Parsing mathematical expressions

31 March 2019

Ever wondered how you can implement a simple calculator in C++? You probably haven’t, but it is interesting to look at how the problem can be solved very elegantly using code generation. This post looks at how we can use two code generation tools, Ragel and Lemon, to generate a parser for simple mathematical expressions like ‘(1.2 + 1) * 2.5’.

Origins

One of my more ambitious past projects was an attempt to build something that, at the time, I described as an object-oriented spreadsheet. In my design, a class was essentially a set of constraints and type definitions that would apply to a range within a spreadsheet (e.g. one row, where each column follows a particular set of constraints, followed by n rows, where the columns follow another set of constraints). A programmer could then augment that ‘class’ with functions that were type-safe and well-defined, assuming all of those constraints were satisfied.

A class could then be instantiated on a particular range of a spreadsheet, after which all of those instance methods would be guaranteed to be well-behaved. Modifications to the data would fail if constraints would be violated. Instances of classes could even be overlapped. In many ways, this is Excel tables on steroids.

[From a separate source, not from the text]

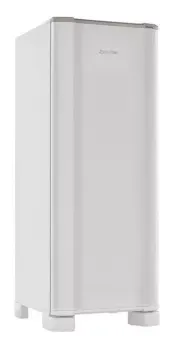 Refrigerador Esmaltec Cycle Defrost Roc31 245l Branco 127v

One way I thought this could be useful was to automatically generate constraints for a small, well-defined datasets, and to later apply those constraints to larger datasets as part of a data cleansing process. Constraint violations or type-mismatches could be detected, localised, and corrected, allowing the dataset to be used as an input to potentially larger applications. In retrospect, this could be more accurately described as applying type-safety to a spreadsheet, which is an interesting idea in itself, but not the focus of this post.

Formulas

One of the first steps in this project was constructing a formula parser. As many C or C++ programmers would do, I wrote an initial implementation using Flex and Bison (successors of Lex and Yacc, respectively). However, I was disappointed with their support for C++. Another sore point was that I had hoped to support multi-threading, however at the time this was poorly supported.

After looking at alternatives (included Boost Spirit), I settled upon Ragel and Lemon. It was Zed Shaw’s post on Ragel State Charts that really piqued my interest in this option. His post painted Ragel+Lemon out to be a much less intimidating option than Boost Spirit, which is a parser library based on C++ templates. While powerful, Spirit has a reputation for long compile times, and being somewhat difficult to read.

Now if you’ve never heard of Ragel or Lemon (or Flex/Bison, or even Lex/Yacc) it’ll be helpful to understand what they actually do.

Lexical analysis

THe first step in parsing a formula (or any programming language) is tokenisation, or lexical analysis. This is how we take a formula (as a string) and extract the meaingful substrings. For example, when parsing a formula in a spreadsheet, we care about things like cell references, numbers, and such, but we usually do not care about whitespace.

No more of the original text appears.